INPUT FOR THIS TASK:
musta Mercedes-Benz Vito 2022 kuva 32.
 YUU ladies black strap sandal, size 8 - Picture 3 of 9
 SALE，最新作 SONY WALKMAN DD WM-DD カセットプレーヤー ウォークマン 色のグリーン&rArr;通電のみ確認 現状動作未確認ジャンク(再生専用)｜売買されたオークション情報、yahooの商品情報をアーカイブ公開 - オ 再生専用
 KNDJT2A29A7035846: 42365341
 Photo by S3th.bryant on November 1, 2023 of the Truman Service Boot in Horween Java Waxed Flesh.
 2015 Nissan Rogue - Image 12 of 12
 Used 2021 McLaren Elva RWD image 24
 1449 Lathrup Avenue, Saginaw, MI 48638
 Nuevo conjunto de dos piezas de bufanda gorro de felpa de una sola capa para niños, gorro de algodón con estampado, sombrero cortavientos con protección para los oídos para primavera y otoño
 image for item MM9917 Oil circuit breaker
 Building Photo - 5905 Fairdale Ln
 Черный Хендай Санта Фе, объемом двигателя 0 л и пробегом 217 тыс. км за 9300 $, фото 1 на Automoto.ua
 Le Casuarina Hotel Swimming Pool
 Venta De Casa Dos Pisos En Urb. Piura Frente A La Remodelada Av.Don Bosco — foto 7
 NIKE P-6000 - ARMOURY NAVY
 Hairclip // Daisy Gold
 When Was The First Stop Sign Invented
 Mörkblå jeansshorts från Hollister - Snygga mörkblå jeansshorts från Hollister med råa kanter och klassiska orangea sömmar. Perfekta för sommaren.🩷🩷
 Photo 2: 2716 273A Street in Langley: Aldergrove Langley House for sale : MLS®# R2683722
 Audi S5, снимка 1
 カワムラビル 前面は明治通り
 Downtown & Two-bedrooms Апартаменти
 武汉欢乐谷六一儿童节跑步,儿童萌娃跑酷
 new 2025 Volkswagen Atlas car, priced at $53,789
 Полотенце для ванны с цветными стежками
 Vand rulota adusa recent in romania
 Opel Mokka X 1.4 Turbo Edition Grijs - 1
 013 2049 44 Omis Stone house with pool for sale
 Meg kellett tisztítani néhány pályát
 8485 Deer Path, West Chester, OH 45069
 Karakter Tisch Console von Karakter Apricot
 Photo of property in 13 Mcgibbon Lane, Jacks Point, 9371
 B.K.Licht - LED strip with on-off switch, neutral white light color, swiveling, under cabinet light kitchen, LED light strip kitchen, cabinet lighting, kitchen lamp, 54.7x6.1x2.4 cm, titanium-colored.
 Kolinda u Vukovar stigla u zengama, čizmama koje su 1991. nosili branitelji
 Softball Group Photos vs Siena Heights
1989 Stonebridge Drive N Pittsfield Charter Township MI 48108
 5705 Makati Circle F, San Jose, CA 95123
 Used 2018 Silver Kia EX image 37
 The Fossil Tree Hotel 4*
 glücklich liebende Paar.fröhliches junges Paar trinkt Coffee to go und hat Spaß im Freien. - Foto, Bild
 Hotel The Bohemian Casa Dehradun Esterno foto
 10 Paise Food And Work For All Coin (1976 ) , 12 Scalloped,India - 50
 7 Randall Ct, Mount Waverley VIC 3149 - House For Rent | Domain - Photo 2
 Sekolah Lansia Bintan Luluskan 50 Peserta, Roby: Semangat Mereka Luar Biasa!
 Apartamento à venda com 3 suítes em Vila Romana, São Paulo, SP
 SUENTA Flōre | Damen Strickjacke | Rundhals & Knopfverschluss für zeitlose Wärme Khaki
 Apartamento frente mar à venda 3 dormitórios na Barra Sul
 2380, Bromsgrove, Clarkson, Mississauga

WORK TO BE COMPLETED: Each entry above is to be written out exactly.

ANSWER FOR THIS EXERCISE:
musta Mercedes-Benz Vito 2022 kuva 32.
 YUU ladies black strap sandal, size 8 - Picture 3 of 9
 SALE，最新作 SONY WALKMAN DD WM-DD カセットプレーヤー ウォークマン 色のグリーン&rArr;通電のみ確認 現状動作未確認ジャンク(再生専用)｜売買されたオークション情報、yahooの商品情報をアーカイブ公開 - オ 再生専用
 KNDJT2A29A7035846: 42365341
 Photo by S3th.bryant on November 1, 2023 of the Truman Service Boot in Horween Java Waxed Flesh.
 2015 Nissan Rogue - Image 12 of 12
 Used 2021 McLaren Elva RWD image 24
 1449 Lathrup Avenue, Saginaw, MI 48638
 Nuevo conjunto de dos piezas de bufanda gorro de felpa de una sola capa para niños, gorro de algodón con estampado, sombrero cortavientos con protección para los oídos para primavera y otoño
 image for item MM9917 Oil circuit breaker
 Building Photo - 5905 Fairdale Ln
 Черный Хендай Санта Фе, объемом двигателя 0 л и пробегом 217 тыс. км за 9300 $, фото 1 на Automoto.ua
 Le Casuarina Hotel Swimming Pool
 Venta De Casa Dos Pisos En Urb. Piura Frente A La Remodelada Av.Don Bosco — foto 7
 NIKE P-6000 - ARMOURY NAVY
 Hairclip // Daisy Gold
 When Was The First Stop Sign Invented
 Mörkblå jeansshorts från Hollister - Snygga mörkblå jeansshorts från Hollister med råa kanter och klassiska orangea sömmar. Perfekta för sommaren.🩷🩷
 Photo 2: 2716 273A Street in Langley: Aldergrove Langley House for sale : MLS®# R2683722
 Audi S5, снимка 1
 カワムラビル 前面は明治通り
 Downtown & Two-bedrooms Апартаменти
 武汉欢乐谷六一儿童节跑步,儿童萌娃跑酷
 new 2025 Volkswagen Atlas car, priced at $53,789
 Полотенце для ванны с цветными стежками
 Vand rulota adusa recent in romania
 Opel Mokka X 1.4 Turbo Edition Grijs - 1
 013 2049 44 Omis Stone house with pool for sale
 Meg kellett tisztítani néhány pályát
 8485 Deer Path, West Chester, OH 45069
 Karakter Tisch Console von Karakter Apricot
 Photo of property in 13 Mcgibbon Lane, Jacks Point, 9371
 B.K.Licht - LED strip with on-off switch, neutral white light color, swiveling, under cabinet light kitchen, LED light strip kitchen, cabinet lighting, kitchen lamp, 54.7x6.1x2.4 cm, titanium-colored.
 Kolinda u Vukovar stigla u zengama, čizmama koje su 1991. nosili branitelji
 Softball Group Photos vs Siena Heights
1989 Stonebridge Drive N Pittsfield Charter Township MI 48108
 5705 Makati Circle F, San Jose, CA 95123
 Used 2018 Silver Kia EX image 37
 The Fossil Tree Hotel 4*
 glücklich liebende Paar.fröhliches junges Paar trinkt Coffee to go und hat Spaß im Freien. - Foto, Bild
 Hotel The Bohemian Casa Dehradun Esterno foto
 10 Paise Food And Work For All Coin (1976 ) , 12 Scalloped,India - 50
 7 Randall Ct, Mount Waverley VIC 3149 - House For Rent | Domain - Photo 2
 Sekolah Lansia Bintan Luluskan 50 Peserta, Roby: Semangat Mereka Luar Biasa!
 Apartamento à venda com 3 suítes em Vila Romana, São Paulo, SP
 SUENTA Flōre | Damen Strickjacke | Rundhals & Knopfverschluss für zeitlose Wärme Khaki
 Apartamento frente mar à venda 3 dormitórios na Barra Sul
 2380, Bromsgrove, Clarkson, Mississauga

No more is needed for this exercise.